Entwicklung einer schnelle DA-Wandlerkarte für einen Hardware-in-the-loop (HIL) Emulator zur Nachbildung leistungselektronischer Systeme
type:Bachelorarbeit
time:05/2020
tutor:

M.Sc. Benedikt Schmitz-Rode, M.Sc. Lukas Stefanski

Image:

person in charge:

Fabian Hochberg

Motivation

Am Elektrotechnischen Institut (ETI) werden hochleistungsfähige elektrische Antriebssysteme von der Signalverarbeitung und Regelung, über die Leistungselektronik bis hin zu elektrischen Maschinen ausgelegt, simuliert und aufgebaut. Um die Entwicklungszeit zu verkürzen und Fehler in den Teilsystemen vor dem produktiven Forschungseinsatz identifizieren zu können, werden die Einzelkomponenten während des gesamten Entwicklungsprozesses in Simulationsumgebungen validiert. Für die Validierung der aufgebauten Hardware ist hierfür ein Hardware-in-the-loop (HIL) System erforderlich. In vorangegangenen Arbeiten wurde bereits ein Power Hardware-in-the-Loop Emulator am Institut aufgebaut, mit dem eine permanenterregte Synchronmaschine hoher Leistung nachgebildet wird. Die reine Regelung und Signalverarbeitung kann jedoch nicht zusammen getestet werden.

Aufgabenstellung

Für die Inbetriebnahme der Signalverarbeitung und der Regelung unabhängig von dem Leistungsteil soll innerhalb der Arbeit ein echtzeitfähiger HIL-Emulator einer Leistungselektronik auf Basis des bestehenden ETI-SoC-Systems aufgebaut werden. Hierzu kann bereits auf vorangegangene Arbeiten im Zusammenhang mit dem ETI-DSP-Systems zurückgegriffen werden.
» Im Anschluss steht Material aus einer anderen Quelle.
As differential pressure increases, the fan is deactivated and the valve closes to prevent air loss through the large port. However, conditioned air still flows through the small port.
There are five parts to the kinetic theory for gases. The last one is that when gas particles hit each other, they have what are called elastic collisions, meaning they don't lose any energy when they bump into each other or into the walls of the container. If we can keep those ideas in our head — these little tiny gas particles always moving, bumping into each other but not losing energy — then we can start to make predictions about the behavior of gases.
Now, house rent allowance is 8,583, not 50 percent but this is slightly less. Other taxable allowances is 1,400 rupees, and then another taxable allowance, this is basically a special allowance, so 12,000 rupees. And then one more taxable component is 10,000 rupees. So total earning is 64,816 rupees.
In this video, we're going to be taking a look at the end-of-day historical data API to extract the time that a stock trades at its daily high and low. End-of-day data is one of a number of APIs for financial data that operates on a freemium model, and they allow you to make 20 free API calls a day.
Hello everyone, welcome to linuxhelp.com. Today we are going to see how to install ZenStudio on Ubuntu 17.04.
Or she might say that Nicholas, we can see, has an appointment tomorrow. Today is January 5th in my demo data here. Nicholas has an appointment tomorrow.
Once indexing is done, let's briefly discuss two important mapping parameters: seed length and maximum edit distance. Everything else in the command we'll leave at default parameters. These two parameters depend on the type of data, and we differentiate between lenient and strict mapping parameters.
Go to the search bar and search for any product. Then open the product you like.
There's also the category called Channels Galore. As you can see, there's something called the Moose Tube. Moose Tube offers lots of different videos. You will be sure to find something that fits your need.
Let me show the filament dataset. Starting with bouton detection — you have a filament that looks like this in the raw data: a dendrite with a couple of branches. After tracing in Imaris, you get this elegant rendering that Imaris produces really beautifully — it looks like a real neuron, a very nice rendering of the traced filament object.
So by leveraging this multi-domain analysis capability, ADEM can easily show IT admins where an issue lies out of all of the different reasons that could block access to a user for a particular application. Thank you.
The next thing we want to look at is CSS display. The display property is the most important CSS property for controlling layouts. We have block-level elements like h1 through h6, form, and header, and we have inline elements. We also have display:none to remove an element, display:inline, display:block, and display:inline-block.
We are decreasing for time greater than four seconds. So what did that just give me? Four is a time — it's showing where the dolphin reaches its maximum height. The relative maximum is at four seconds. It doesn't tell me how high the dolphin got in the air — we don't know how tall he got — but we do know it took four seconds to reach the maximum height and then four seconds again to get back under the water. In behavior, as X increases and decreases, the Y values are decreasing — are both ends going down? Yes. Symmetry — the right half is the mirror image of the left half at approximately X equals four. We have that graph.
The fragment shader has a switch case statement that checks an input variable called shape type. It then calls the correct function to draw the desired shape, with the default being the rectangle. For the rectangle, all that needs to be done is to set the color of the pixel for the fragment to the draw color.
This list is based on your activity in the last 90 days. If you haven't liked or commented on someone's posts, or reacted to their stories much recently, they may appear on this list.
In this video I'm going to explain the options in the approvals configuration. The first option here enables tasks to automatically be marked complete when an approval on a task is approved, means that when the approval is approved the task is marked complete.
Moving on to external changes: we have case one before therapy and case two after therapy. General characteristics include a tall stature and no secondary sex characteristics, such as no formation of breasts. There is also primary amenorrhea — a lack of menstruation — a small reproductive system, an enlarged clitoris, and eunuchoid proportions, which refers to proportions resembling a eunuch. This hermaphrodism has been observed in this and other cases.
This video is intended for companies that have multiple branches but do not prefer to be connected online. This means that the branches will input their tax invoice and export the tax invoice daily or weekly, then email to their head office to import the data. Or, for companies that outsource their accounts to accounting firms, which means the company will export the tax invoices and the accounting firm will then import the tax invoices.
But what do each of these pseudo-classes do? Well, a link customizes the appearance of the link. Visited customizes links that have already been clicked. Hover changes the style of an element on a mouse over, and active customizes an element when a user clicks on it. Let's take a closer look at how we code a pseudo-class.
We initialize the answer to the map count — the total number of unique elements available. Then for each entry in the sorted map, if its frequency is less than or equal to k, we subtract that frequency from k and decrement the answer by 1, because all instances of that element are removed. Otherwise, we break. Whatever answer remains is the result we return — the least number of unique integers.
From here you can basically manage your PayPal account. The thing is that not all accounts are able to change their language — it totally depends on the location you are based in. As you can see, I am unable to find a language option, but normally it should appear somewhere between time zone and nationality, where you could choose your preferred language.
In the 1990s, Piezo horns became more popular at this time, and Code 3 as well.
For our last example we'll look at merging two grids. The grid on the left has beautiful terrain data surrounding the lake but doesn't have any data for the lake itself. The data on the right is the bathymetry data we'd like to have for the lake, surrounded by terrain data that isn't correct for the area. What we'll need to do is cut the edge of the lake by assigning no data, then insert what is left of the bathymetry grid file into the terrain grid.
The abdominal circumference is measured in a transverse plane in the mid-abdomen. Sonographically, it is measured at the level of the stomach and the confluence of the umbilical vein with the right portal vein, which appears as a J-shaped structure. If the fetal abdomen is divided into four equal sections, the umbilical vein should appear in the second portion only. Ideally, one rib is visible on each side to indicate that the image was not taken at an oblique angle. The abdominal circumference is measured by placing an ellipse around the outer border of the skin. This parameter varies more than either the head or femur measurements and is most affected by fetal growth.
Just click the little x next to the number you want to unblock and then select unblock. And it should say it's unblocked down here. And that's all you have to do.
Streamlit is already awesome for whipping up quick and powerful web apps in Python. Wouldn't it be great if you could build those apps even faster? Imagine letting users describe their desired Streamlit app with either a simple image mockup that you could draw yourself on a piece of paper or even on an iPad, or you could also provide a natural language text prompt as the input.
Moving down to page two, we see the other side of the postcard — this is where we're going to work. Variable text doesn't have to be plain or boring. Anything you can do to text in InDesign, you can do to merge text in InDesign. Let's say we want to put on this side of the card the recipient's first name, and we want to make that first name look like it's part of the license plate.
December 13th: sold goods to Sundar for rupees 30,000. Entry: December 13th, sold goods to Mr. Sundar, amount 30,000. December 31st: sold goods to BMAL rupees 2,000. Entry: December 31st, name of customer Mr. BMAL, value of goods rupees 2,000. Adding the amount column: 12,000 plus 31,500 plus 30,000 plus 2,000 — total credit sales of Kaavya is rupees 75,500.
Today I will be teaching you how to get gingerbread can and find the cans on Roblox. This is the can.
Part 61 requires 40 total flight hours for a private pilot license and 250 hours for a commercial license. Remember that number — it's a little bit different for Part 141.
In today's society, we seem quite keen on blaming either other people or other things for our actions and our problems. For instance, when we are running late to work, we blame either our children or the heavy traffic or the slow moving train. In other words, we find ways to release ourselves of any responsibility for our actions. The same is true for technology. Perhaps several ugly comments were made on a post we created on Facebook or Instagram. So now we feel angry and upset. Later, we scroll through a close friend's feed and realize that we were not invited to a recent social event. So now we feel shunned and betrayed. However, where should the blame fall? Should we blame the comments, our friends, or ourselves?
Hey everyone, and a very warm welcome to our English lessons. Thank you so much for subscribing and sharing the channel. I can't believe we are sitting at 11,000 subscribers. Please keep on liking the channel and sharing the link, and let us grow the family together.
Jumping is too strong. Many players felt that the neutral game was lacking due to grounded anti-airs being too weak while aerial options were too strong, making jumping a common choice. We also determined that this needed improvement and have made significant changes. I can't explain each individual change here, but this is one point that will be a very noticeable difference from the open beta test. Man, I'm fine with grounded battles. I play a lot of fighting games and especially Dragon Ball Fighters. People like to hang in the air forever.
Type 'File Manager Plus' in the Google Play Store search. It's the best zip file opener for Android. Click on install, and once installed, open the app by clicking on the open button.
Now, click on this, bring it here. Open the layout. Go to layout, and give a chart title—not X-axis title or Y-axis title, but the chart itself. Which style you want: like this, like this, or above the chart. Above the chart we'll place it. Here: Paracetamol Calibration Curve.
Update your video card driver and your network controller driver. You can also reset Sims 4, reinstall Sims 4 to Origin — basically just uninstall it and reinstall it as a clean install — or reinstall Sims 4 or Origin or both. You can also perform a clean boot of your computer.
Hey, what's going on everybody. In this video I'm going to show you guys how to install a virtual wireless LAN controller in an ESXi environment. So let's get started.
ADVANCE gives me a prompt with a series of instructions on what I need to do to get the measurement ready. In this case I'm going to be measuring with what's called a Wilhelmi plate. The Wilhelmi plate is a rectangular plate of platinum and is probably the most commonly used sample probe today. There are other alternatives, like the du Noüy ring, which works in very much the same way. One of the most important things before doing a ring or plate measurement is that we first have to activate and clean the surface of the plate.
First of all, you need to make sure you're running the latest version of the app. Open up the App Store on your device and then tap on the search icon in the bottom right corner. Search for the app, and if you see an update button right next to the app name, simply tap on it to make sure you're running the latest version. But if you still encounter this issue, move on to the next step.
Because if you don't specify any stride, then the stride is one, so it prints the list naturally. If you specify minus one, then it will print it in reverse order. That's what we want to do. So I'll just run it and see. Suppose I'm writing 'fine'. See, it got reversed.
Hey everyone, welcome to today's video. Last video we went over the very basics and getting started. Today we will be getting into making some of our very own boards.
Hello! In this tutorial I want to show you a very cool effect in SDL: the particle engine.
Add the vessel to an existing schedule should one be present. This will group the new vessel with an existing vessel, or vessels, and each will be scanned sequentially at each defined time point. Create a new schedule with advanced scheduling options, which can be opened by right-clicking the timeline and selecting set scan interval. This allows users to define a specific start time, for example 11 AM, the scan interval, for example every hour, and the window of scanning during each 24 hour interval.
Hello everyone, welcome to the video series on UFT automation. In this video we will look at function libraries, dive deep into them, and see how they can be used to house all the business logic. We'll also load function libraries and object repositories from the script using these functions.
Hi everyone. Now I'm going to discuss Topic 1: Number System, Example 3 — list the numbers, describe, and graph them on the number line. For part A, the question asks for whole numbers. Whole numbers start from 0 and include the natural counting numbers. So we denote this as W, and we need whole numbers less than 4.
Im ersten Schritt sollen die fehlenden Hardwarekomponenten für das ETI-SoC-Systems, wie z.B. eine Erweiterungskarte mit schnellen Digital-Analog-Wandlern, entwickelt und in Betrieb genommen werden. Anschließend soll das Modell einer am Institut gebräuchlichen Leistungselektronik im FPGA des ETI-SoC-Systems mittels Codegenerierung aus Matlab/Simulink heraus implementiert werden. Die abschließende Validierung erfolgt über den Vergleich von vorgegebenen Sollwerten und der Antwort des HIL-Systems sowie softwarebasierten etablierten Simulationsmodellen.